A much simpler way would be to just store these misspellings as a dictionary
(or set), read and split each line into words, then check whether each
of words is in the set.

Istvan
Jul 18 '05 #2

This thread has been closed and replies have been disabled. Please start a new discussion.

Similar topics

10
by: Anand Pillai | last post by:
To search a word in a group of words, say a paragraph or a web page, would a string search or a regexp search be faster? The string search would of course be, if str.find(substr) != -1:...
6
by: Lukas Holcik | last post by:
Hi Python crazies!:)) There is a problem to be solved. I have a text and I have to parse it using a lot of regular expressions. In (lin)u(ni)x I could write in bash: cat file | sed 's/../../' |...
6
by: Rizyak | last post by:
******************** alt.php.sql,comp databases.ms-sqlserver microsoft.public.sqlserver.programming *********************************** Why doesn't this work: SELECT * FROM 'Events'
7
by: arno | last post by:
Hi, I want to search a substring within a string : fonction (str, substr) { if (str.search(substr) != -1) { // do something } }
3
by: Harry Haller | last post by:
What is the fastest way to search a client-side database? I have about 60-65 kb of data downloaded to the client which is present in 3 dynamically created list boxes. The boxes are filled from 3...
1
by: Harry Haller | last post by:
What is the fastest way to search a client-side database? I have about 60-65 kb of data downloaded to the client which is present in 3 dynamically created list boxes. The boxes are filled from 3...
11
by: Flyzone | last post by:
Hello, i have again problem with regexp :-P I need to match all lines that contain one word but not contain another. Like to do "grep one | grep -v two:" The syntax of the string is: (any...
8
by: Ben Amada | last post by:
Hi all. I know very little about regular expressions, but wanted to use one to validate an email address a user would be entering before the form is submitted. There are many examples out there. ...
3
by: Paddy | last post by:
Lets say i have a generator running that generates successive characters of a 'string' characters then I would have to 'freeze' the generator and pass the characters so far to re.search. It is...
0
by: taylorcarr | last post by:
A Canon printer is a smart device known for being advanced, efficient, and reliable. It is designed for home, office, and hybrid workspace use and can also be used for a variety of purposes. However,...
0
by: aa123db | last post by:
Variable and constants Use var or let for variables and const fror constants. Var foo ='bar'; Let foo ='bar';const baz ='bar'; Functions function $name$ ($parameters$) { } ...
0
by: emmanuelkatto | last post by:
Hi All, I am Emmanuel katto from Uganda.
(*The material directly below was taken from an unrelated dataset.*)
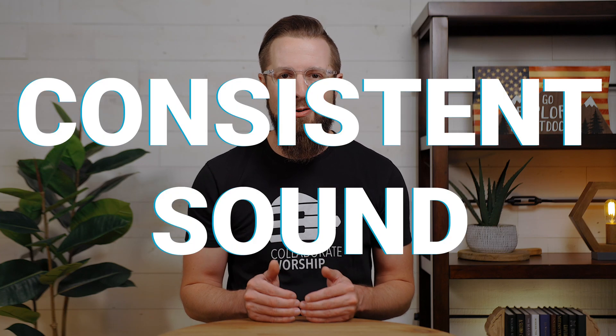How do you get consistent sound every week, and is it even possible with different people running the mixer? Yes, and in this video I'll let you in on one of the most helpful tools for getting the same great sound every week, no matter who is behind the mixer.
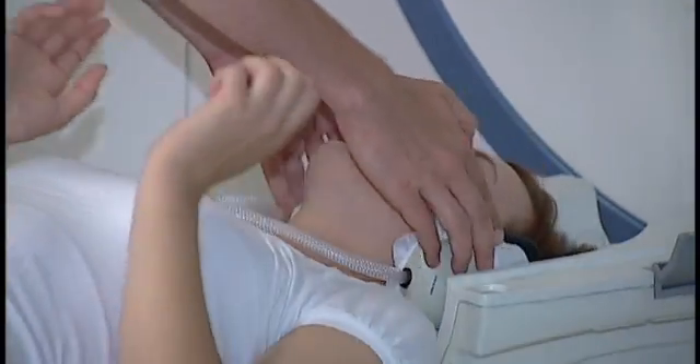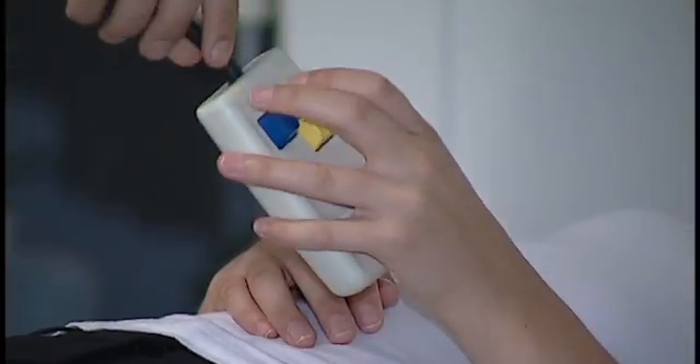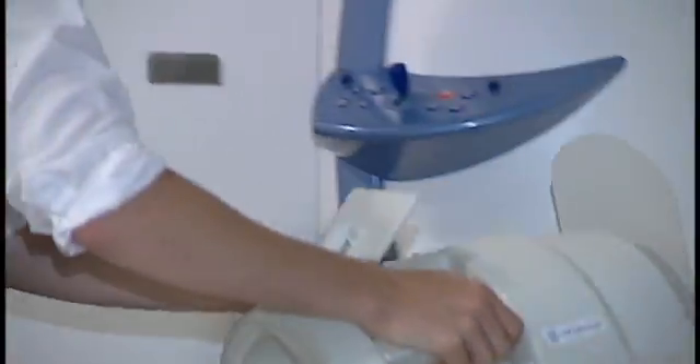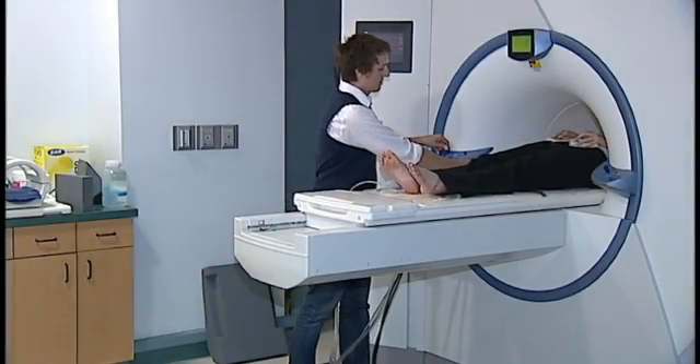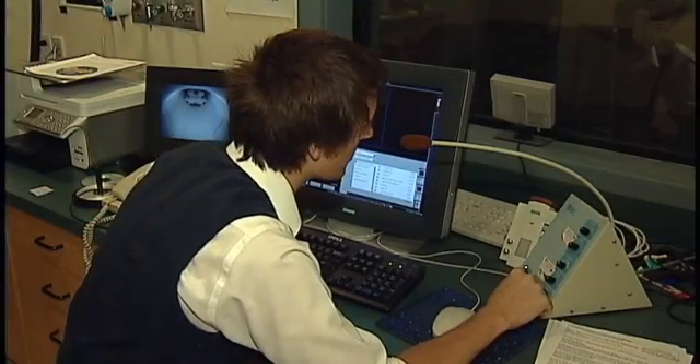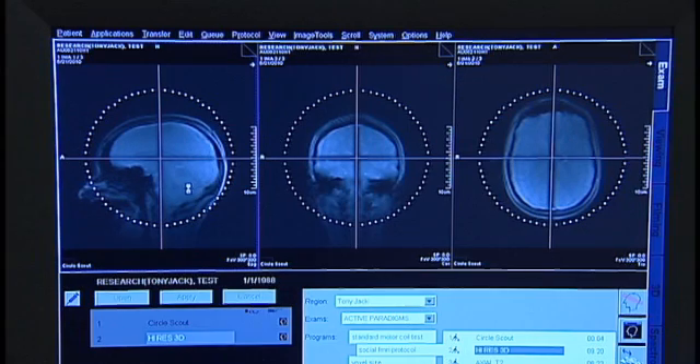The participant gets headphones to hear over the scanner noise, keypads for response, and a visual input through a projection screen mounted on the head coil. This is viewed through a mirror. After the participant has been positioned in the magnet, communication is achieved through the microphone.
I want to ask what challenges you've faced while migrating a website to cloud. Please let me know. Thanks! Emmanuel
0
BarryA
by: BarryA | last post by:
What are the essential steps and strategies outlined in the Data Structures and Algorithms (DSA) roadmap for aspiring data scientists? How can individuals effectively utilize this roadmap to progress...
1
by: nemocccc | last post by:
hello, everyone, I want to develop a software for my android phone for daily needs, any suggestions?
1
by: Sonnysonu | last post by:
This is the data of csv file 1 2 3 1 2 3 1 2 3 1 2 3 2 3 2 3 3 the lengths should be different i have to store the data by column-wise with in the specific length. suppose the i have to...
0
marktang
by: marktang | last post by:
ONU (Optical Network Unit) is one of the key components for providing high-speed Internet services. Its primary function is to act as an endpoint device located at the user's premises. However,...
0
Oralloy
by: Oralloy | last post by:
Hello folks, I am unable to find appropriate documentation on the type promotion of bit-fields when using the generalised comparison operator "<=>". The problem is that using the GNU compilers,...
0
jinu1996
by: jinu1996 | last post by:
In today's digital age, having a compelling online presence is paramount for businesses aiming to thrive in a competitive landscape. At the heart of this digital strategy lies an intricately woven...

By using Bytes.com and it's services, you agree to our Privacy Policy and Terms of Use.

To disable or enable advertisements and analytics tracking please visit the manage ads & tracking page.